Beginning at the line that contains "Camiseta Dino verde", reproduce the entries below exactly, ending with the line that contains "Total number of". Omit each picture.

:: Dataset ::
━━━━━━━━━━━━━━━━━━━━━━━━━━━━━━
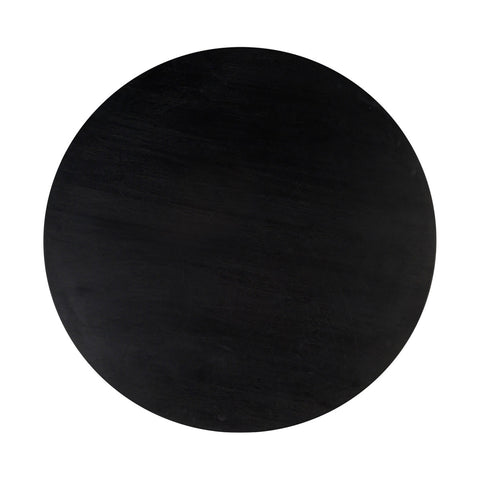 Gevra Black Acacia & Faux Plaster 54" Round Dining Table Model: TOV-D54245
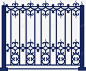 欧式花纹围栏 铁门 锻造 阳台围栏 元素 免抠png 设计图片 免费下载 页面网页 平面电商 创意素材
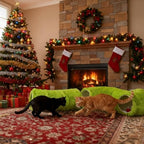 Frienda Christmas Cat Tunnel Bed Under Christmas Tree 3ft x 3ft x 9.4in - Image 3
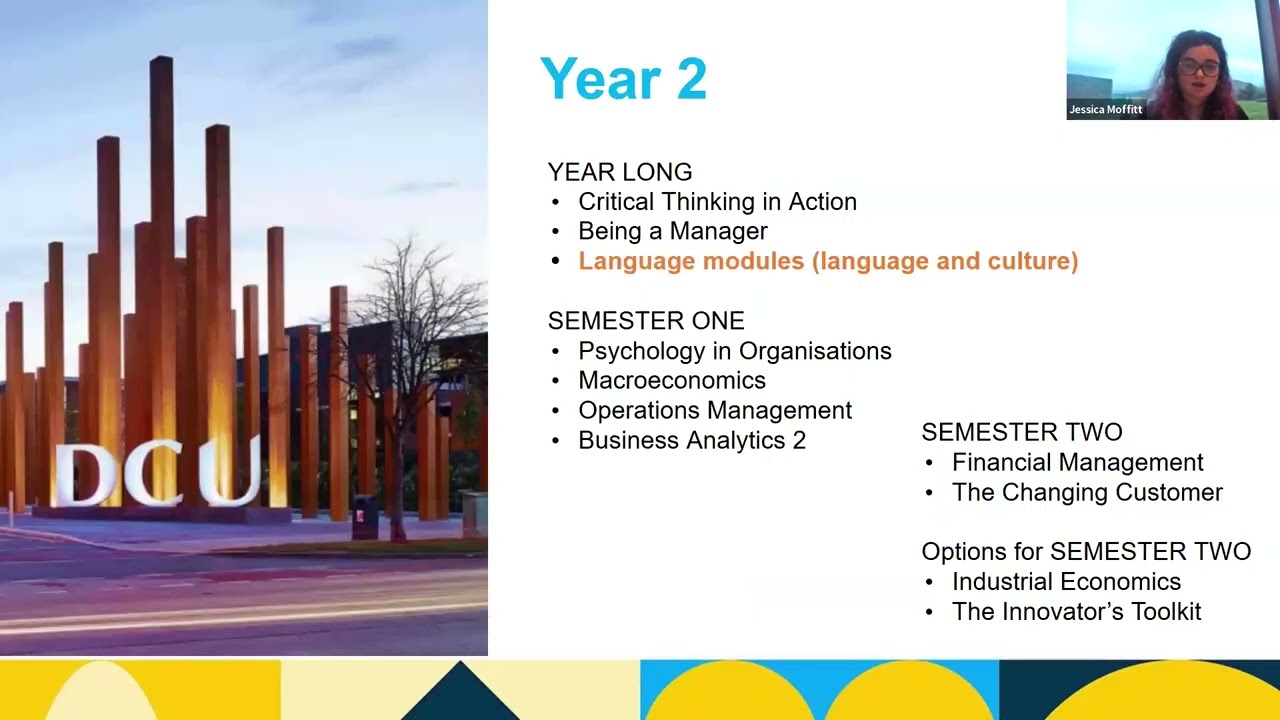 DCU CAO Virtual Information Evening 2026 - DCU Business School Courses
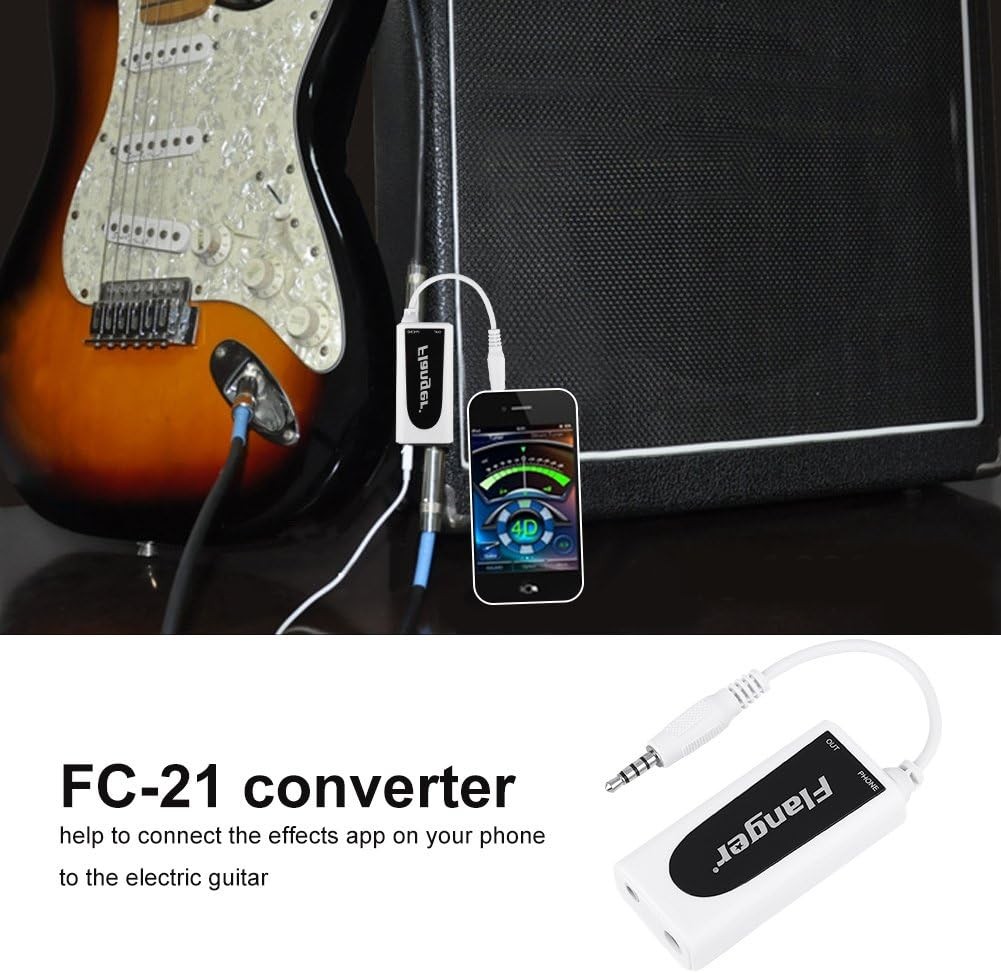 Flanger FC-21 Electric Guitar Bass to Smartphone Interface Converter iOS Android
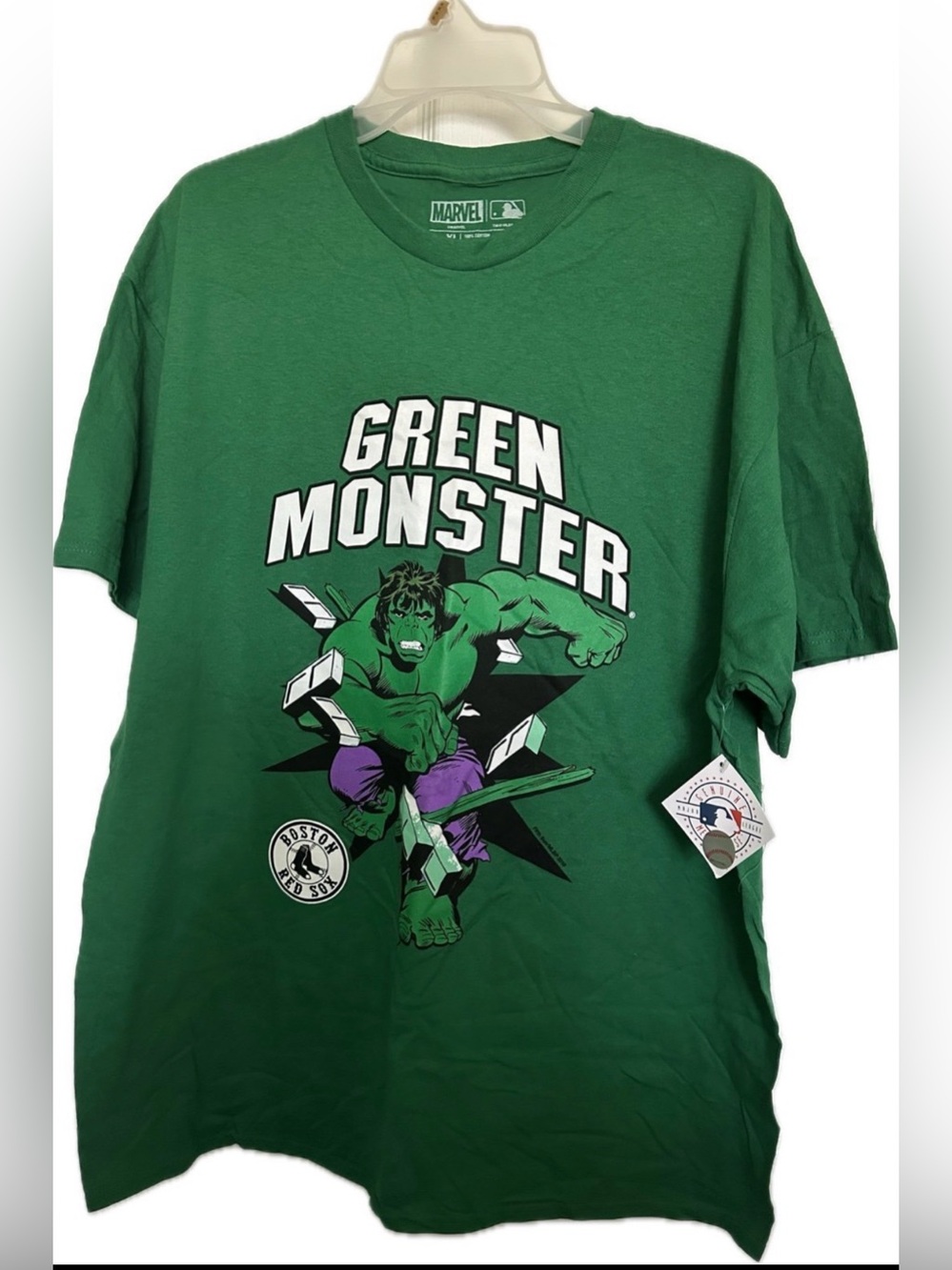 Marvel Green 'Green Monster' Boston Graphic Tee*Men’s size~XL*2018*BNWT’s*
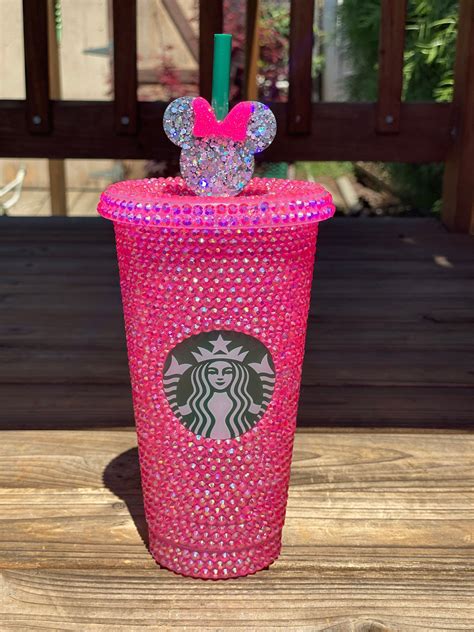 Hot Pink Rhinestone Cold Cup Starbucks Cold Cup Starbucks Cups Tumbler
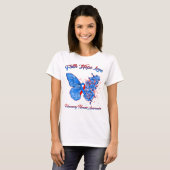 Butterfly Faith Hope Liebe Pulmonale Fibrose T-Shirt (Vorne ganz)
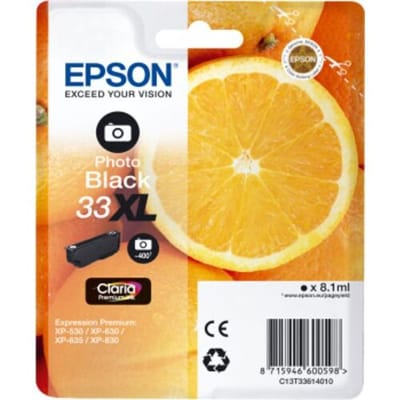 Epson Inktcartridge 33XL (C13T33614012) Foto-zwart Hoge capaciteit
━━━━━━━━━━━━━━━━━━━━━━━━━━━━━━
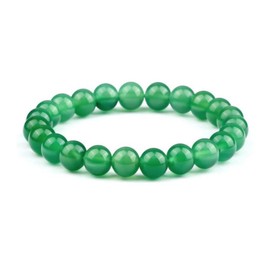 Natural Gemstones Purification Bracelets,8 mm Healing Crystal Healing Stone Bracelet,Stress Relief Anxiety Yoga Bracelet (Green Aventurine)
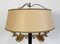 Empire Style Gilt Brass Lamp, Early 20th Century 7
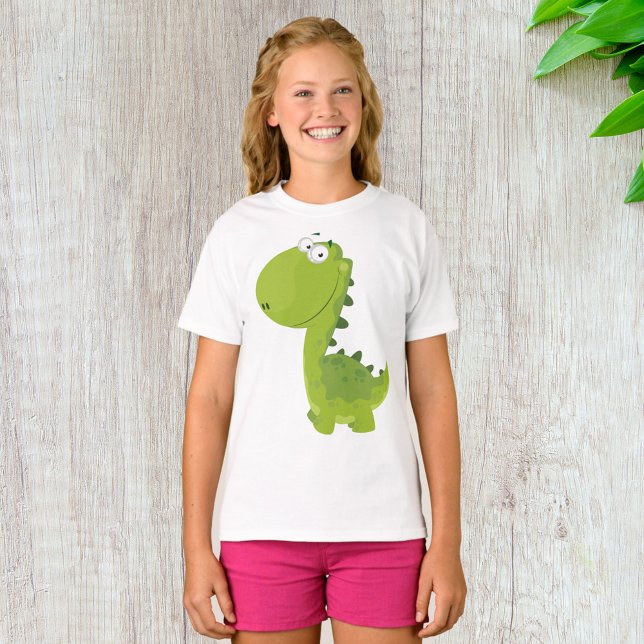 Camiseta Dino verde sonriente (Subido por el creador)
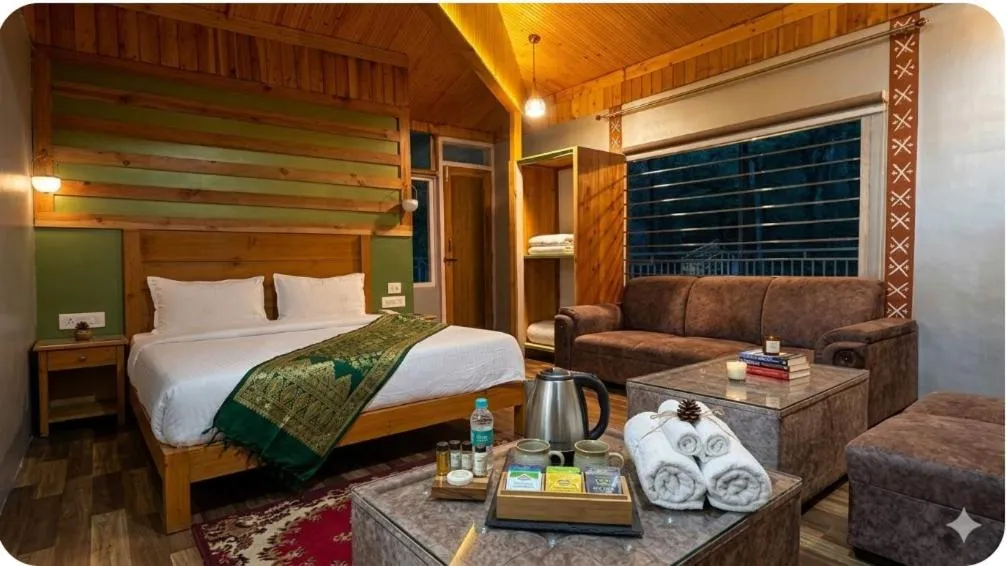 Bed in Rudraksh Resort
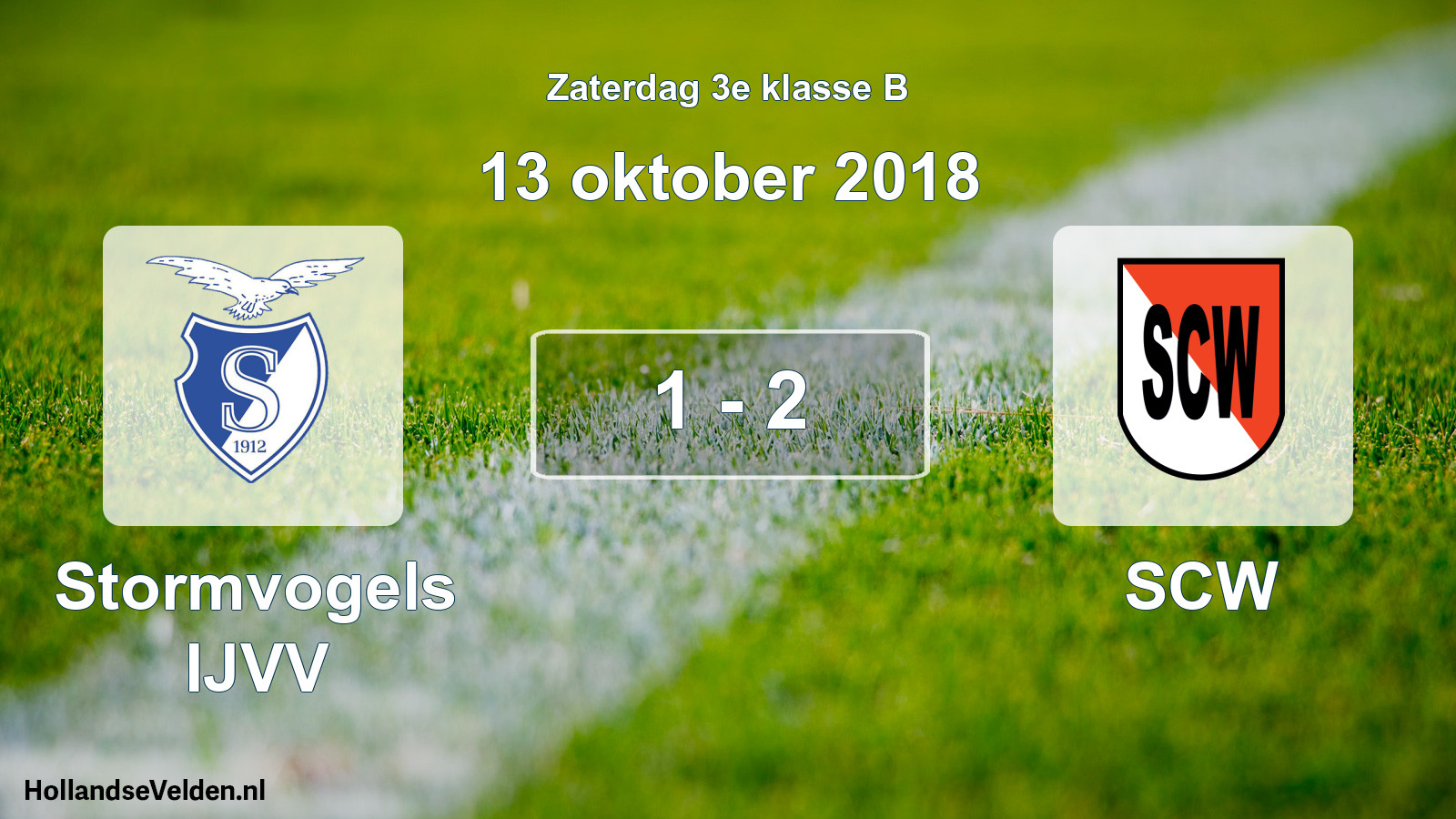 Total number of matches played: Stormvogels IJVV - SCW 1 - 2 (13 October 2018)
━━━━━━━━━━━━━━━━━━━━━━━━━━━━━━
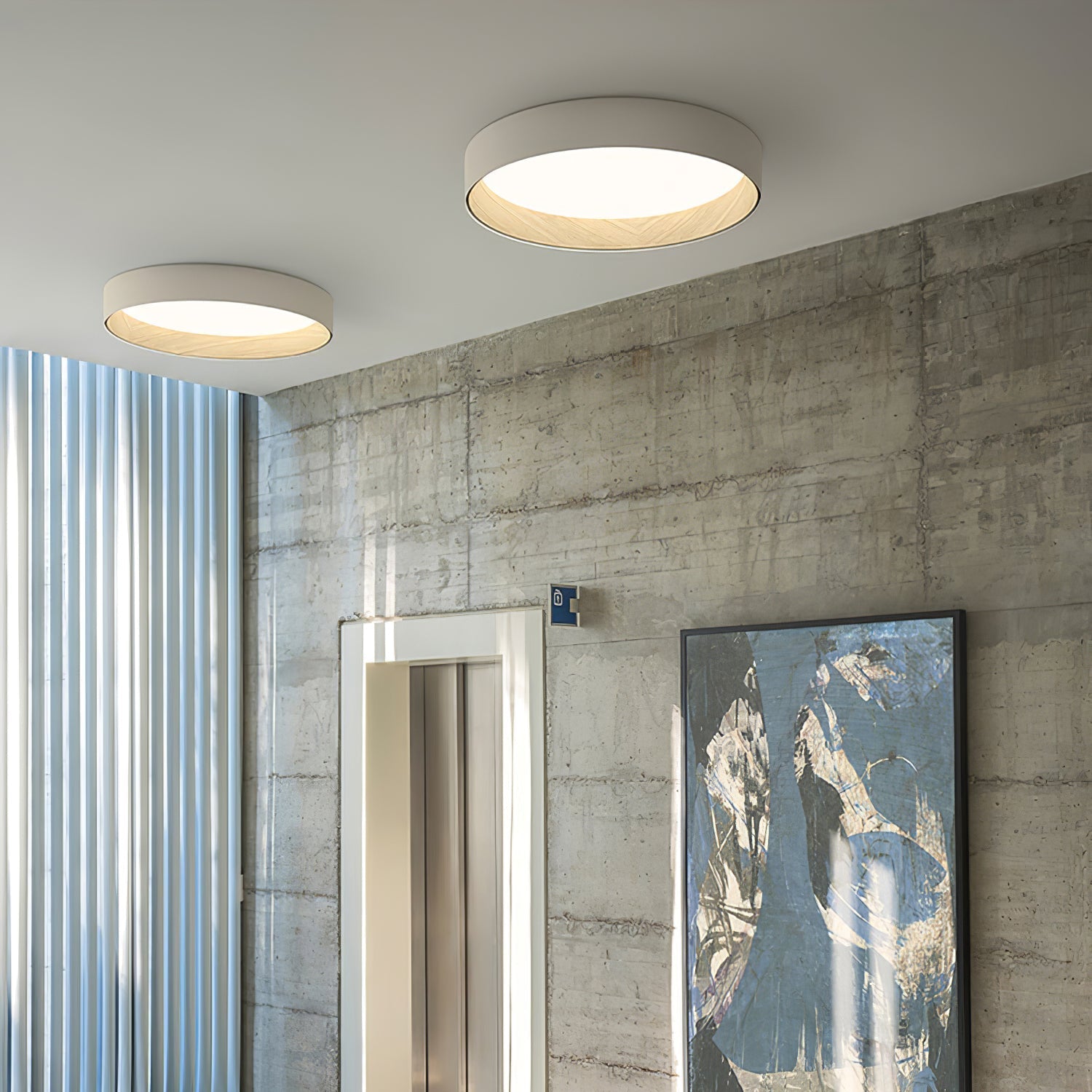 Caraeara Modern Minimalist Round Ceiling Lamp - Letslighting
━━━━━━━━━━━━━━━━━━━━━━━━━━━━━━
:: Solution below ::
 Camiseta Dino verde sonriente (Subido por el creador)
 Bed in Rudraksh Resort
 Total number of matches played: Stormvogels IJVV - SCW 1 - 2 (13 October 2018)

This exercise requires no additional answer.